Manager, IT Operations Analytics Problem Management
Description
JOB TITLE: | Manager, IT Operations Analytics Problem Management |
SALARY RANGE: | $146,330 - $172,718 |
DEPT/DIV: | Information Technology |
SUPERVISOR: | Senior Director, Portfolio/Project Management, I&OE |
LOCATION: | 2 Broadway |
HOURS OF WORK: | 9:00 am - 5:30 pm (7.5 hours/day) or as required |
This position is eligible for teleworking, which is currently 2 days per week. New hires are eligible to apply 30 days after their effective date of hire.
Opening
The Metropolitan Transportation Authority is North America's largest transportation network, serving a population of 15.3 million people across a 5,000-square-mile travel area surrounding New York City, Long Island, southeastern New York State, and Connecticut. The MTA network comprises the nation’s largest bus fleet and more subway and commuter rail cars than all other U.S. transit systems combined. MTA strives to provide a safe and reliable commute, excellent customer service, and rewarding opportunities.
Summary
The Manager, IT Operations Analytics & Problem Management provides leadership, vision, and strategic direction for MTA's enterprise Problem Management function and IT Operations Analytics program. This role ensures recurring and systemic issues impacting IT services are rapidly identified, root causes are clearly owned and validated, and corrective actions are effectively tracked and driven to resolution in collaboration with accountable teams.
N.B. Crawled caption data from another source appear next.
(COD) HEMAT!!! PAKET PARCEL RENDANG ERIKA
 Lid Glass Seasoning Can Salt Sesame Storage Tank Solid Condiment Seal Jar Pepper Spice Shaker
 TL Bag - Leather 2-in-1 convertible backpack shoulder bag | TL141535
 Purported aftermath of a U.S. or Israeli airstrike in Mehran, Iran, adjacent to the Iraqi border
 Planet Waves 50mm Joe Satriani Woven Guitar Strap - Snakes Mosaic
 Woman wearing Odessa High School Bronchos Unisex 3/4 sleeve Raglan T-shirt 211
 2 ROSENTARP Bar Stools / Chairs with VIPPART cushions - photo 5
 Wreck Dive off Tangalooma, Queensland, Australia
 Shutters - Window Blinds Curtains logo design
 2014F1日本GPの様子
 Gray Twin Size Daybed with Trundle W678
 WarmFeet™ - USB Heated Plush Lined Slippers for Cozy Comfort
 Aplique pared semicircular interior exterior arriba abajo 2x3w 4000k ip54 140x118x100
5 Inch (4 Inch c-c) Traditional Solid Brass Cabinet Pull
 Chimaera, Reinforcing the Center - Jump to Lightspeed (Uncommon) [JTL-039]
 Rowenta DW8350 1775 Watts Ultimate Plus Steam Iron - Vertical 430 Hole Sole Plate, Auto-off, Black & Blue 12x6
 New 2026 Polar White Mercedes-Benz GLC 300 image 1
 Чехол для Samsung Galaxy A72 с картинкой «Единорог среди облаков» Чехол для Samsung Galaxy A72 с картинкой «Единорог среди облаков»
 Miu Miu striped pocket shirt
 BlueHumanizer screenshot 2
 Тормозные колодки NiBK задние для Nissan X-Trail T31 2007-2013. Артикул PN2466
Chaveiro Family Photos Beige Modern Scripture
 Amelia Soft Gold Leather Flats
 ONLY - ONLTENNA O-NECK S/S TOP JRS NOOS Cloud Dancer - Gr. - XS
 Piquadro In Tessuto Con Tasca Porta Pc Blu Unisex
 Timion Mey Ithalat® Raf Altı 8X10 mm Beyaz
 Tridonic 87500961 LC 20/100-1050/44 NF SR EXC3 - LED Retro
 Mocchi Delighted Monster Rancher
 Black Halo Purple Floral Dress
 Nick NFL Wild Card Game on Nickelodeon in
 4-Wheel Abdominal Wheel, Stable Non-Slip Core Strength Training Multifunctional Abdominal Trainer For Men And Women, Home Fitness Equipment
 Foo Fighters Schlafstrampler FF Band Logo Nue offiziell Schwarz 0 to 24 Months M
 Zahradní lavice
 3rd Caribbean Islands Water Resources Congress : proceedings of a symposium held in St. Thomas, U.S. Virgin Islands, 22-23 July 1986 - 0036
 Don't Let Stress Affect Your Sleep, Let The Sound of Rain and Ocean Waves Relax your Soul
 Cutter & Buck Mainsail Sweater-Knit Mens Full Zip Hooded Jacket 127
The Manager oversees the end-to-end Problem Management process across the organization, ensuring strong integration with other IT service management practices and leading cross-functional root cause analysis efforts. This role drives continuous improvement initiatives that proactively identify and mitigate operational risk, strengthening service stability, availability, and reliability. Additionally, the position leads the development and delivery of executive-level risk analytics, dashboards, and performance metrics, providing senior leadership with actionable insights across key domains including service availability, talent capacity, financial posture, State of Good Repair (SOGR), disaster recovery readiness, and cybersecurity risk. Working across technical, operational, and business domains, the Manager strengthens MTA's operational resilience through data-driven decision-making, governance, and collaboration.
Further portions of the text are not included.